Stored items
'''

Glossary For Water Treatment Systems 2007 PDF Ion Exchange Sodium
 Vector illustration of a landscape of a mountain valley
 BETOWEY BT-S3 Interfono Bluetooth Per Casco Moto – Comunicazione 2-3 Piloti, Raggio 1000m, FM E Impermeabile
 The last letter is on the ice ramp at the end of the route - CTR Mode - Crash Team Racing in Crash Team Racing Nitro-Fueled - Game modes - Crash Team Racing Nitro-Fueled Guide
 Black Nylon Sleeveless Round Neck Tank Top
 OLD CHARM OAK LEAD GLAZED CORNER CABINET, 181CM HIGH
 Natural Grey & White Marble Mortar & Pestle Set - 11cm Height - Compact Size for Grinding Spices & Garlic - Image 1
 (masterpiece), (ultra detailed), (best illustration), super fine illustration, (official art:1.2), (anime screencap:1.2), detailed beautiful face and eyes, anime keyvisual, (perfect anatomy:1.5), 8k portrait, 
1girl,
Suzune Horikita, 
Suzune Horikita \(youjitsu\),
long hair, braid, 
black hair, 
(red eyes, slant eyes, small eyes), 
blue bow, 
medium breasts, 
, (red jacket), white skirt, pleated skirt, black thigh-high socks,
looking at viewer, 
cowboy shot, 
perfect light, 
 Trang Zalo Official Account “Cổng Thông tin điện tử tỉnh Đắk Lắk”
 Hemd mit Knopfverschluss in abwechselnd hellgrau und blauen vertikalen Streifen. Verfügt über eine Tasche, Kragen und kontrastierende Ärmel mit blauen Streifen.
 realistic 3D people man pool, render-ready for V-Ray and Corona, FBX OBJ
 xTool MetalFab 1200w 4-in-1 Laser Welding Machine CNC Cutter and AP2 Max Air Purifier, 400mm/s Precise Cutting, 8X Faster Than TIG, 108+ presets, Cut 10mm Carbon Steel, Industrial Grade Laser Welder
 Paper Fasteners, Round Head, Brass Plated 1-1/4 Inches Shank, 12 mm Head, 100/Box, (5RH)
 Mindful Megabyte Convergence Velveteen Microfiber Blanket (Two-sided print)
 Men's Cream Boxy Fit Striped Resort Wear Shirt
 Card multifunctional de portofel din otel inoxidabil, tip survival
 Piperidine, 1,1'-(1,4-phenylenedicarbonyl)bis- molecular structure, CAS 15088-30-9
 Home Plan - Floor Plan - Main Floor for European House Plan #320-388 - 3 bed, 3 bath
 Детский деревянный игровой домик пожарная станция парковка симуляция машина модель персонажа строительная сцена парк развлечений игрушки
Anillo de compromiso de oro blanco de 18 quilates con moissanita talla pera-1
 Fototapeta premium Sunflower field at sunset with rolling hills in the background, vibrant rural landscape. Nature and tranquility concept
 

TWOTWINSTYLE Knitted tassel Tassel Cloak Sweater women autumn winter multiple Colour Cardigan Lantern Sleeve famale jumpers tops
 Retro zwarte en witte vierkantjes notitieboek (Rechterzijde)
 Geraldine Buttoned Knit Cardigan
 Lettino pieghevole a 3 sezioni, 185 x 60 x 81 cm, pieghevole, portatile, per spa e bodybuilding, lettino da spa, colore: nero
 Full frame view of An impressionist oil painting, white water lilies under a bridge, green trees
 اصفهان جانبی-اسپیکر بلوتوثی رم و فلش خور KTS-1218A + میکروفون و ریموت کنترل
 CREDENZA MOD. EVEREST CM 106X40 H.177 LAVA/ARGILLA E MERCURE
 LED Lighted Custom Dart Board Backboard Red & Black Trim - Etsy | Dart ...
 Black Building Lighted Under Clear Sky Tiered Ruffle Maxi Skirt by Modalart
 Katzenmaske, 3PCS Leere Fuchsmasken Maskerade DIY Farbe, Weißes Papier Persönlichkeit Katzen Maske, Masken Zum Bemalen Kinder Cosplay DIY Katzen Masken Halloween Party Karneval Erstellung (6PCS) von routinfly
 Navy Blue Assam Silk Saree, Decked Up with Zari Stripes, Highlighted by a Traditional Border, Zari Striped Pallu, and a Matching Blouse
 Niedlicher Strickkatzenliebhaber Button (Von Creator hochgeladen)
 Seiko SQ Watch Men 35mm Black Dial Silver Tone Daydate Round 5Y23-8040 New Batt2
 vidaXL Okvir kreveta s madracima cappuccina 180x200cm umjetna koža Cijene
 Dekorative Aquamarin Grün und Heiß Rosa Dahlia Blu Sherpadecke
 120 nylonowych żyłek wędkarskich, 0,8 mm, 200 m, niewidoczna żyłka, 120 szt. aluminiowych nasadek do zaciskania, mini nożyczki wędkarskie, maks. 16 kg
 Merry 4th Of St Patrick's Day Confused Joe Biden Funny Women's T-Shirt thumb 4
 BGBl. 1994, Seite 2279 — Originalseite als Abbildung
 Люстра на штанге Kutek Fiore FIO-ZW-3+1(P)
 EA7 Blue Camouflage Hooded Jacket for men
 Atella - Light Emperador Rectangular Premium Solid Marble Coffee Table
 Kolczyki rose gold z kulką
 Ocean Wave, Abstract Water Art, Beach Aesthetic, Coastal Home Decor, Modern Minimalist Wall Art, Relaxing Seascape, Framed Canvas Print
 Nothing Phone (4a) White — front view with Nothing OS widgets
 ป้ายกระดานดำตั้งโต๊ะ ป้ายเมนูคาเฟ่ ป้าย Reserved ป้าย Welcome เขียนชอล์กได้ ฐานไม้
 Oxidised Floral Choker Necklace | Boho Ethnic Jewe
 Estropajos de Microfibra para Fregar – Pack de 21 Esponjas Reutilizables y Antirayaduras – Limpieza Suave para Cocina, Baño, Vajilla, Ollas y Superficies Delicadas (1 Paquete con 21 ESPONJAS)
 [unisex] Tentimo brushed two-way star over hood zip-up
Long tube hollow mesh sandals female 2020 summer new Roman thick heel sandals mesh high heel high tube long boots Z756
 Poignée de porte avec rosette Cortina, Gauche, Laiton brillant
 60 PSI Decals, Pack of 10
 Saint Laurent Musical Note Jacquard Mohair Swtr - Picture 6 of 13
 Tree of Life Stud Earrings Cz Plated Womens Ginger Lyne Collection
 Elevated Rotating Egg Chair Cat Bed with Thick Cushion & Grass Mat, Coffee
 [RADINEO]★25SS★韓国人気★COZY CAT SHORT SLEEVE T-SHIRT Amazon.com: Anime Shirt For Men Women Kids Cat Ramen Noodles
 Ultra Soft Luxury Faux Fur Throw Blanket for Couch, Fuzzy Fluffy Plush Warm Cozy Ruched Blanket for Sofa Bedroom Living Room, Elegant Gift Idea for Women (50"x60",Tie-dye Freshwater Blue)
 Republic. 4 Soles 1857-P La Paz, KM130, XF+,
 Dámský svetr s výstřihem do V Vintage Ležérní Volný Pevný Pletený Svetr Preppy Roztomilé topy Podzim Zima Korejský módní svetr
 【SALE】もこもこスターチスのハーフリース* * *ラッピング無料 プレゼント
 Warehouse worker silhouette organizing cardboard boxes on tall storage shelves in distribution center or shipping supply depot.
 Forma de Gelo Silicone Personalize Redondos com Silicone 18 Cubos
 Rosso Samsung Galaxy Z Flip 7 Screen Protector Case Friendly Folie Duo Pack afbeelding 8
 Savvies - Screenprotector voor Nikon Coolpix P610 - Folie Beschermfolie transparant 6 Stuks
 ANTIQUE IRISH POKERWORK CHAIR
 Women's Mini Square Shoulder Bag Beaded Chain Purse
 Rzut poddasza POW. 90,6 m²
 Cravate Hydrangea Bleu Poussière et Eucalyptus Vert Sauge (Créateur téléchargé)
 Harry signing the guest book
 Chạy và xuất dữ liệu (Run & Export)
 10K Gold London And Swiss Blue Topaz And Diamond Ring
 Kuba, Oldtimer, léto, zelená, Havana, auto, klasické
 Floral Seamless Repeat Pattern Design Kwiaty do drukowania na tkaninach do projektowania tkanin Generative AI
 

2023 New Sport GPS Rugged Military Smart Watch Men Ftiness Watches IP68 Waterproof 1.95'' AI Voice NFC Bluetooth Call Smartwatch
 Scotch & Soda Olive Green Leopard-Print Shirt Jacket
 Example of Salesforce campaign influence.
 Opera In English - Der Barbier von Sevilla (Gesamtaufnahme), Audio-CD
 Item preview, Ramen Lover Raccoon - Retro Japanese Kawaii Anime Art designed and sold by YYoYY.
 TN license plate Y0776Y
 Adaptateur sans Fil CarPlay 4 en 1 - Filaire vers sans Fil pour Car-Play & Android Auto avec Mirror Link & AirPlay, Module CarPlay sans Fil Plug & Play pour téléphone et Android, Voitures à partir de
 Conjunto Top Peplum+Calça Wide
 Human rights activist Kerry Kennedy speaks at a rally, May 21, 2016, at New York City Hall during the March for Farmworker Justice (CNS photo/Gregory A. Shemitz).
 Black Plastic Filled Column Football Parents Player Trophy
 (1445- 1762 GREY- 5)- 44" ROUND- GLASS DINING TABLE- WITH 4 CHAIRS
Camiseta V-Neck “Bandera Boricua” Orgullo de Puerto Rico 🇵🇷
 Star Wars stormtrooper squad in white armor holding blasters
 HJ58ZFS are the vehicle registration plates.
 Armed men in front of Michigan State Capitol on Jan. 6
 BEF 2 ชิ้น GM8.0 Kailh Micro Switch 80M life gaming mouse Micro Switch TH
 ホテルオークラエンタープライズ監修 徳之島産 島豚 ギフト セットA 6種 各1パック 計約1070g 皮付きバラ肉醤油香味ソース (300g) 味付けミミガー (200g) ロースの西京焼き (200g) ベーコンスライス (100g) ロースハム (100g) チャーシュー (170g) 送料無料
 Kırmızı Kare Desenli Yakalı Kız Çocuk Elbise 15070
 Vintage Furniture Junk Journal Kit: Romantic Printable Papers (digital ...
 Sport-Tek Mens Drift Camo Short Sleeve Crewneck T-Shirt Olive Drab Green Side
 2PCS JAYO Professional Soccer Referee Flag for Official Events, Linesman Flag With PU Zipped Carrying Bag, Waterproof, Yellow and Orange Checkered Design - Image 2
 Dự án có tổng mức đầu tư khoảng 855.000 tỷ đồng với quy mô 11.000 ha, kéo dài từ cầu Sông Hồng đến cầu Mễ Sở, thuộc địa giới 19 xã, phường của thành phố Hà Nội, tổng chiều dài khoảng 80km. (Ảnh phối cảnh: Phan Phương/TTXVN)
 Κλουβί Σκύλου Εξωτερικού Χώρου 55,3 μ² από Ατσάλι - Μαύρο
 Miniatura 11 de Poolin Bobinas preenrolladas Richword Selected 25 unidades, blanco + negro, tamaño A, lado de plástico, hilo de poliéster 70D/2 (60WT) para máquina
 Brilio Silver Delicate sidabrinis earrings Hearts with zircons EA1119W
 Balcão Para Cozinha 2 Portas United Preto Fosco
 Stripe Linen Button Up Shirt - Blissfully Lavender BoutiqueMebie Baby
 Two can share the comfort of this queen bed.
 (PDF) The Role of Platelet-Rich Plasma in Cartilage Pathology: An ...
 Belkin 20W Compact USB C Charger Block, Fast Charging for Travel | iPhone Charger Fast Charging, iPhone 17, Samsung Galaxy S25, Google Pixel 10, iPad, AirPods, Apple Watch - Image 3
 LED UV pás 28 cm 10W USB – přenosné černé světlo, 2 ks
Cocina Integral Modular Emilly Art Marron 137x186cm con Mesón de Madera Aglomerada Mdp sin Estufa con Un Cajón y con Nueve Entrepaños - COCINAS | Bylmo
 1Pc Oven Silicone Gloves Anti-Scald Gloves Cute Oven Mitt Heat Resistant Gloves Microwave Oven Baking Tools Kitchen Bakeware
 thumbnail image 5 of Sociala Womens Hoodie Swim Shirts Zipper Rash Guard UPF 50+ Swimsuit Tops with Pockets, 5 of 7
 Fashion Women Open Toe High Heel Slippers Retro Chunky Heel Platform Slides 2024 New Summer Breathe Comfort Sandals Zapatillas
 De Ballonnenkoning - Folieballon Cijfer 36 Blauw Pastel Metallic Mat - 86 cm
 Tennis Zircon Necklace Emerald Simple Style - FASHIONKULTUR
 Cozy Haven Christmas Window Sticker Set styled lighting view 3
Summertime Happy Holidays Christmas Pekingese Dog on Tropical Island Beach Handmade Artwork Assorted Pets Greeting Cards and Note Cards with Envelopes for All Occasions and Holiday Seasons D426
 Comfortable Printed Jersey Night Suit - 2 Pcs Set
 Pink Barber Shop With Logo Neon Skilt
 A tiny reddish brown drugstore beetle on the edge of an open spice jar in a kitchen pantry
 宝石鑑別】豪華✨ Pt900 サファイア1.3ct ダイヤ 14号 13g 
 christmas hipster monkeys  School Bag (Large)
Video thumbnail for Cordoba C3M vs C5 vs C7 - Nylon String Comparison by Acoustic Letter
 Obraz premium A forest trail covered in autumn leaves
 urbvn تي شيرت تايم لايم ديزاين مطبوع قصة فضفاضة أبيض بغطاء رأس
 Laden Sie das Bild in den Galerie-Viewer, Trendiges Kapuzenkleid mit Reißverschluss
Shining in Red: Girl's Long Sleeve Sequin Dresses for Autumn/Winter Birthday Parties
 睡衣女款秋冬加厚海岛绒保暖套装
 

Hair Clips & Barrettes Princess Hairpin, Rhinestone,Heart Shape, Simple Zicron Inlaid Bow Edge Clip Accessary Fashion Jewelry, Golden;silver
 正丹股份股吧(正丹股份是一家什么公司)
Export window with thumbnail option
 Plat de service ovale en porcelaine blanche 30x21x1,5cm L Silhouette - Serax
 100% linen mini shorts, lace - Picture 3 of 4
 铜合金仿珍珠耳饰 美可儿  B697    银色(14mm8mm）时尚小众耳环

'''

Return each line of the data above that includes the word "Marble".

 Natural Grey & White Marble Mortar & Pestle Set - 11cm Height - Compact Size for Grinding Spices & Garlic - Image 1
 Atella - Light Emperador Rectangular Premium Solid Marble Coffee Table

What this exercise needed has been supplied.